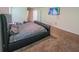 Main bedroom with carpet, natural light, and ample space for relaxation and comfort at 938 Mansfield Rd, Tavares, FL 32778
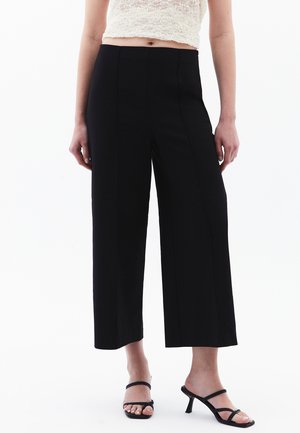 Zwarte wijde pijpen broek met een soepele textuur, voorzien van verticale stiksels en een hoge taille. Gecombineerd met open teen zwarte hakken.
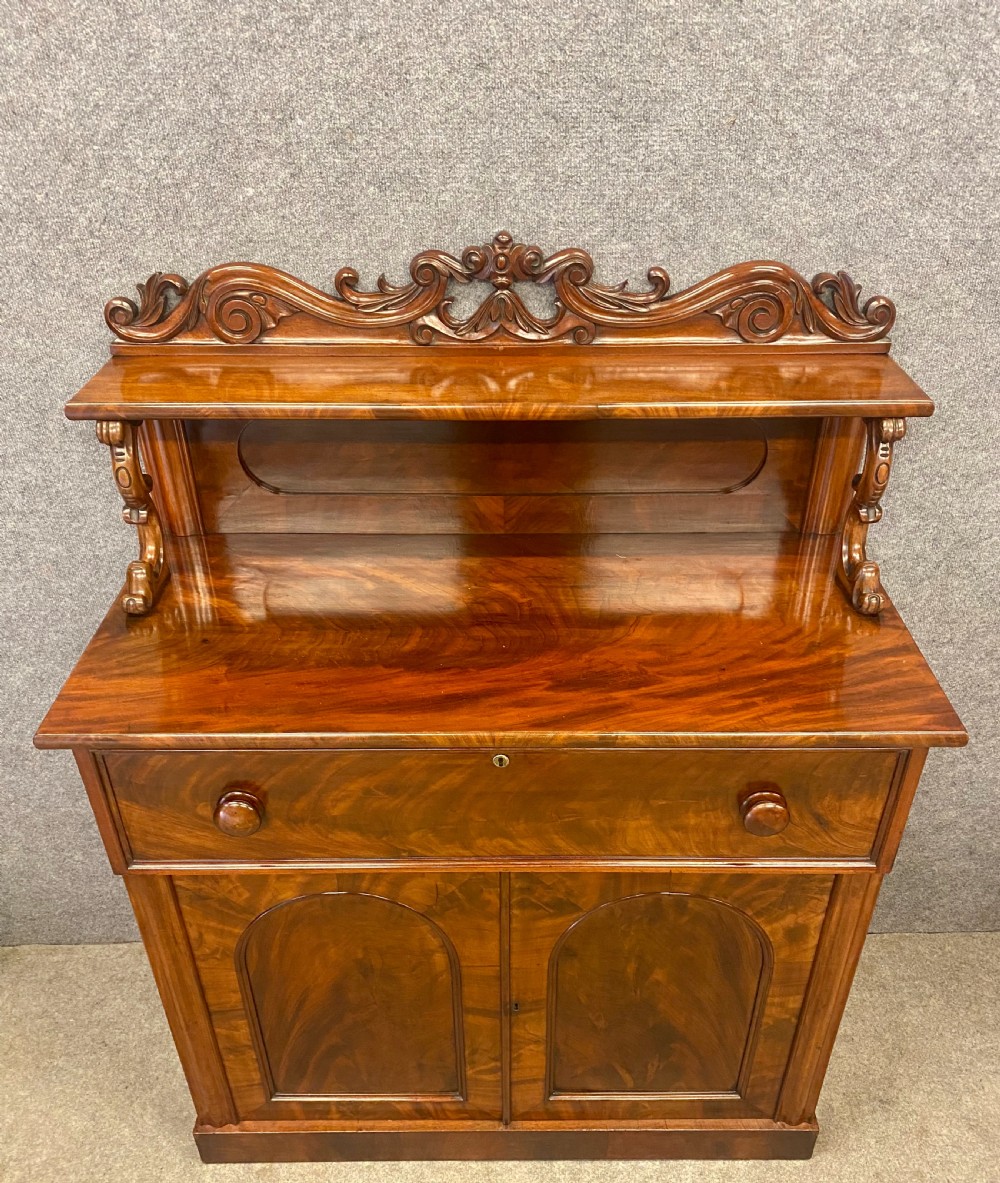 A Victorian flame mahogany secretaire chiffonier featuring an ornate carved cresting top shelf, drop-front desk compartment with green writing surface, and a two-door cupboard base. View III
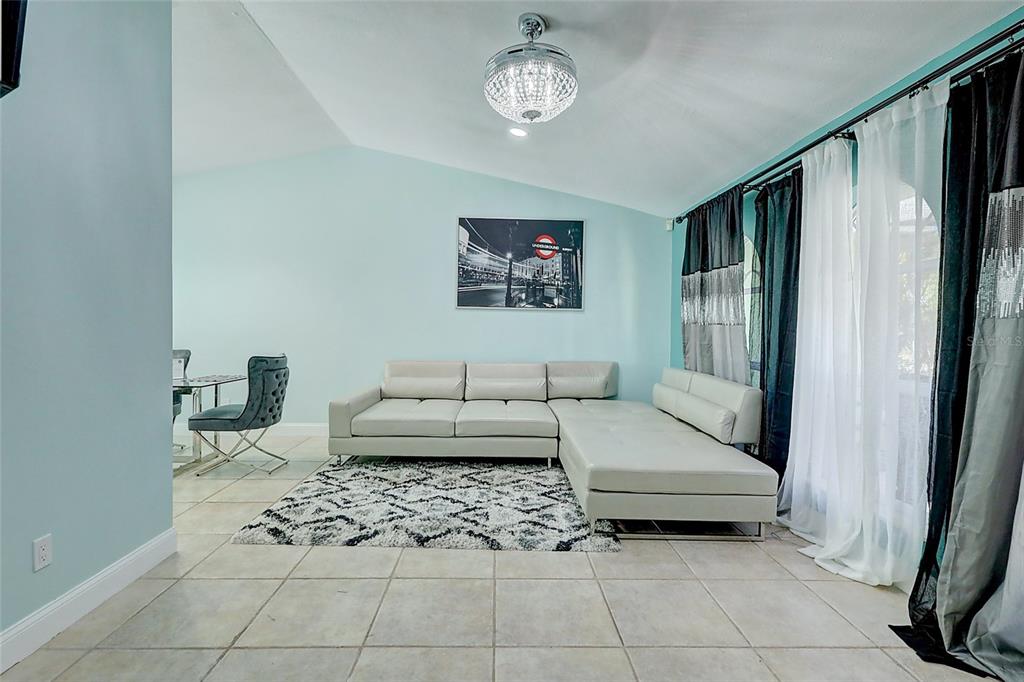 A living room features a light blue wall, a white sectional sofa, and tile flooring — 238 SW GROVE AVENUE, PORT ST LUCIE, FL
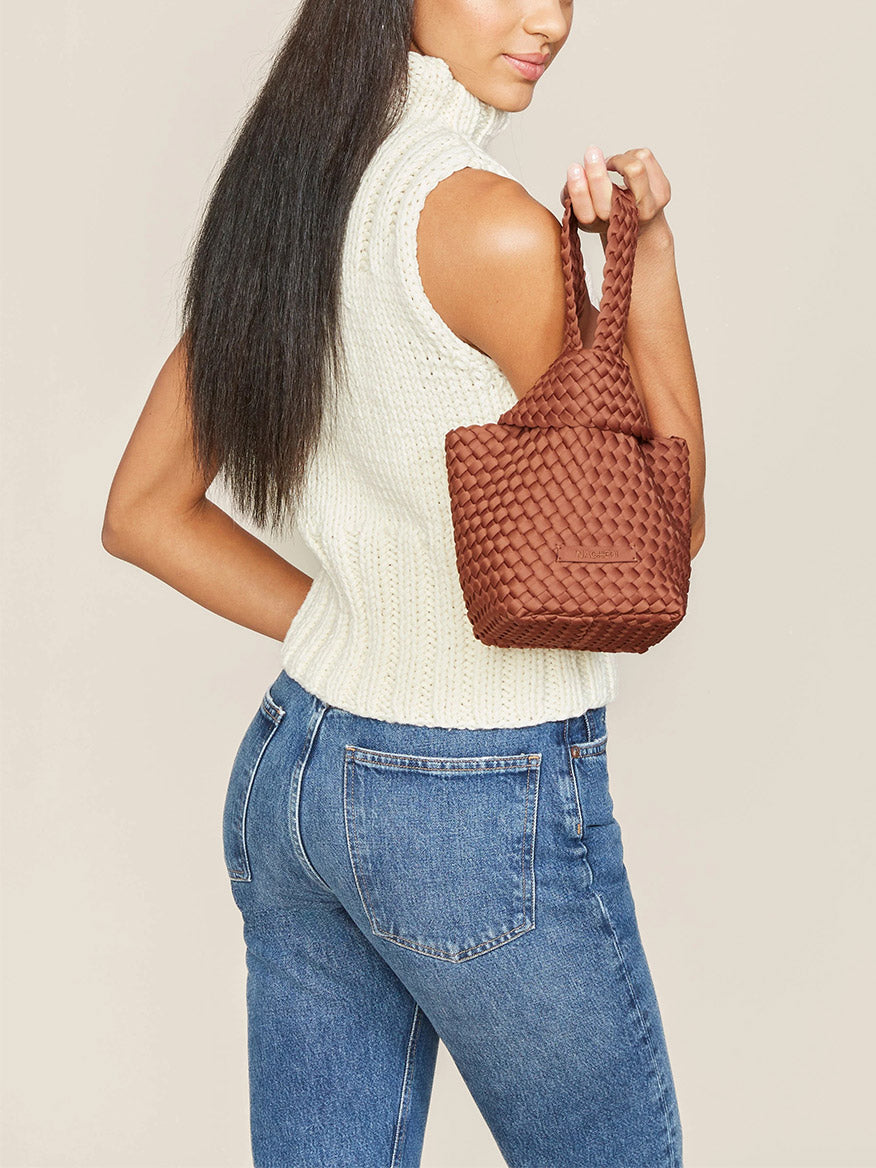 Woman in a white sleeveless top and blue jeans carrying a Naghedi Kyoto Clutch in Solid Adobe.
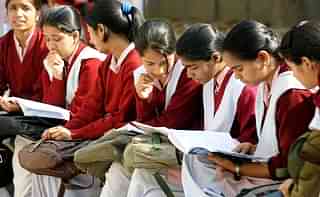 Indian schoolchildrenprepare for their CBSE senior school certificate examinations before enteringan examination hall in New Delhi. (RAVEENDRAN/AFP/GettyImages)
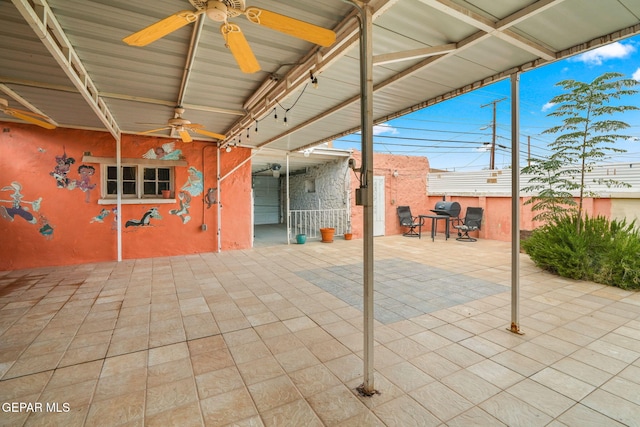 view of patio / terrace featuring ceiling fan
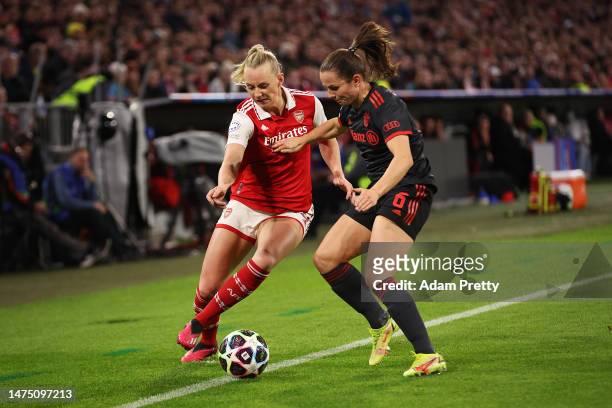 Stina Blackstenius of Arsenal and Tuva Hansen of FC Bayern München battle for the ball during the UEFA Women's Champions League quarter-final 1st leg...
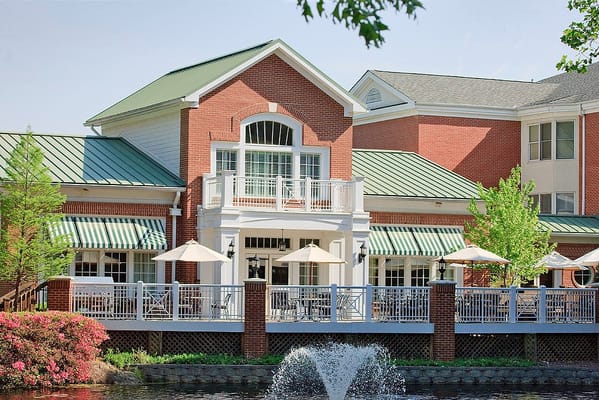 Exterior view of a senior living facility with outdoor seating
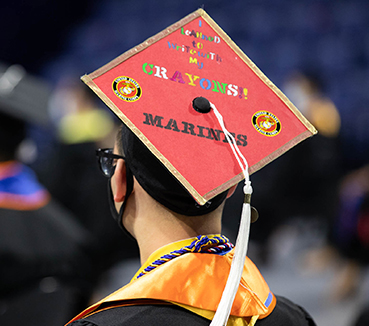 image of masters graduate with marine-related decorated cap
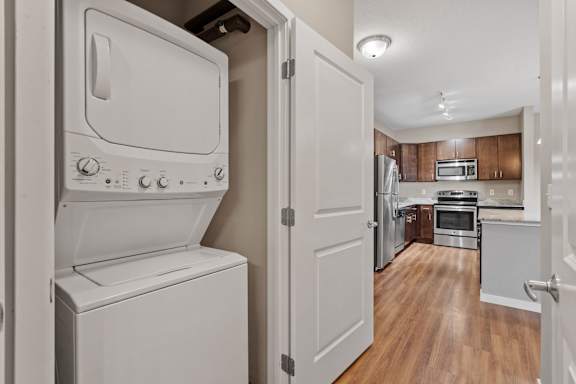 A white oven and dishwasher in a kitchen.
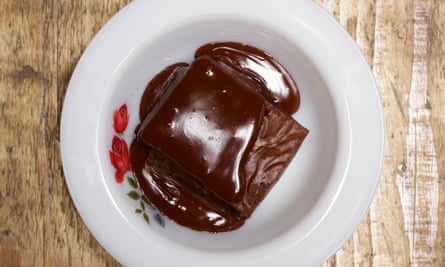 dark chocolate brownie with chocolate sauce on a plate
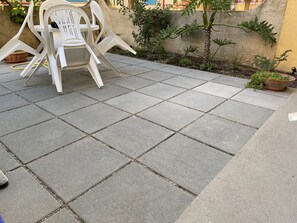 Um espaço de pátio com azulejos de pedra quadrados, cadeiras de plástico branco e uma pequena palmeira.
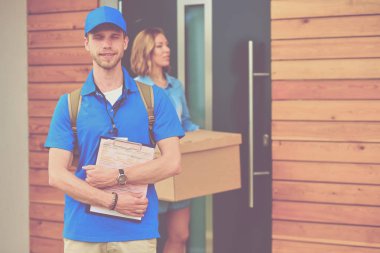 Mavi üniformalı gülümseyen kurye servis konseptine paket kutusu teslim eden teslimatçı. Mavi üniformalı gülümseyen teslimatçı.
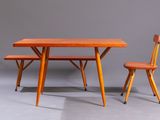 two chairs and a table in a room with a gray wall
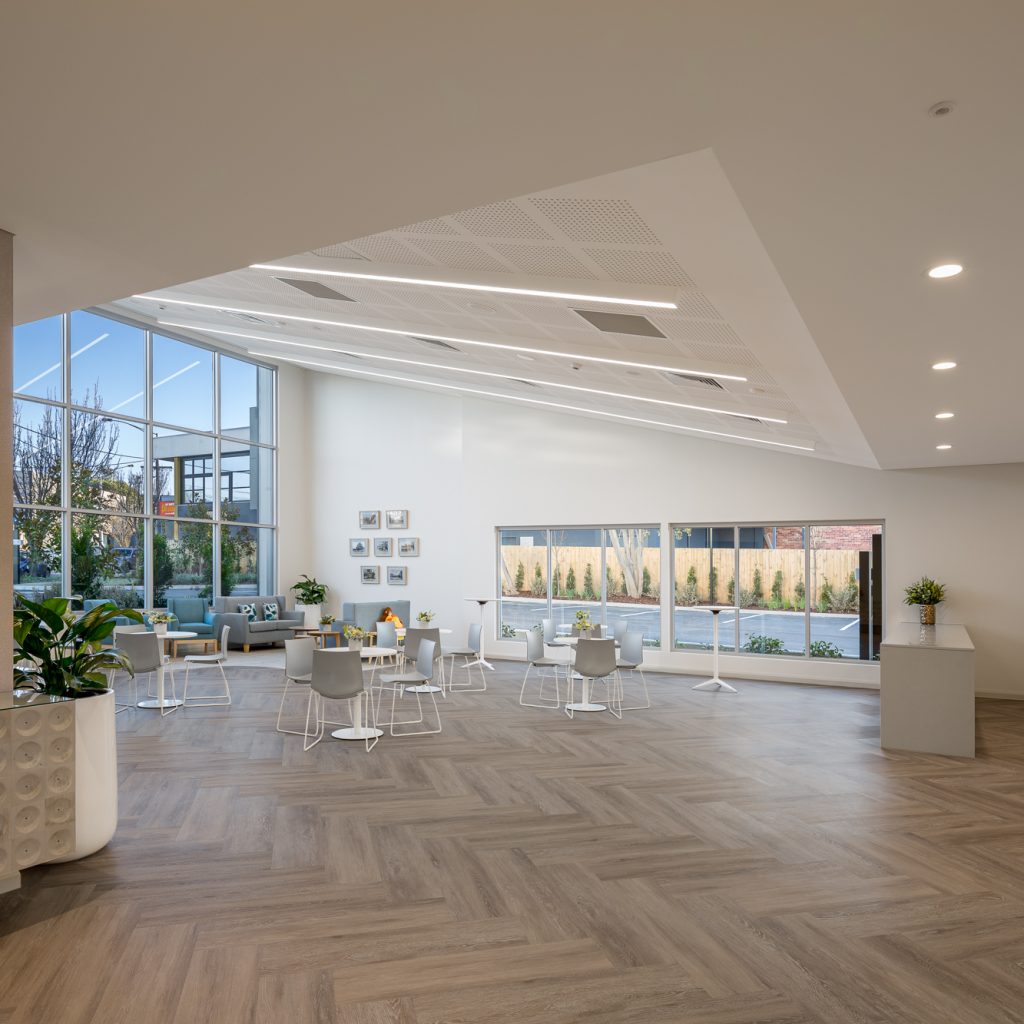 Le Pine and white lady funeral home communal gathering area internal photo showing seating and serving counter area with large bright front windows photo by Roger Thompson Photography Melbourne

* * *

» **ASSIGNMENT**
A complete and exact copy of the records is required. Exclude the pictures.

» **WRITTEN SOLUTION**
 Main bedroom with carpet, natural light, and ample space for relaxation and comfort at 938 Mansfield Rd, Tavares, FL 32778
 Zwarte wijde pijpen broek met een soepele textuur, voorzien van verticale stiksels en een hoge taille. Gecombineerd met open teen zwarte hakken.
 A Victorian flame mahogany secretaire chiffonier featuring an ornate carved cresting top shelf, drop-front desk compartment with green writing surface, and a two-door cupboard base. View III
 A living room features a light blue wall, a white sectional sofa, and tile flooring — 238 SW GROVE AVENUE, PORT ST LUCIE, FL
 Woman in a white sleeveless top and blue jeans carrying a Naghedi Kyoto Clutch in Solid Adobe.
 Indian schoolchildrenprepare for their CBSE senior school certificate examinations before enteringan examination hall in New Delhi. (RAVEENDRAN/AFP/GettyImages)
 view of patio / terrace featuring ceiling fan
 Stina Blackstenius of Arsenal and Tuva Hansen of FC Bayern München battle for the ball during the UEFA Women's Champions League quarter-final 1st leg...
 Exterior view of a senior living facility with outdoor seating
 image of masters graduate with marine-related decorated cap
 A white oven and dishwasher in a kitchen.
 dark chocolate brownie with chocolate sauce on a plate
 Um espaço de pátio com azulejos de pedra quadrados, cadeiras de plástico branco e uma pequena palmeira.
 Mavi üniformalı gülümseyen kurye servis konseptine paket kutusu teslim eden teslimatçı. Mavi üniformalı gülümseyen teslimatçı.
 two chairs and a table in a room with a gray wall
 Le Pine and white lady funeral home communal gathering area internal photo showing seating and serving counter area with large bright front windows photo by Roger Thompson Photography Melbourne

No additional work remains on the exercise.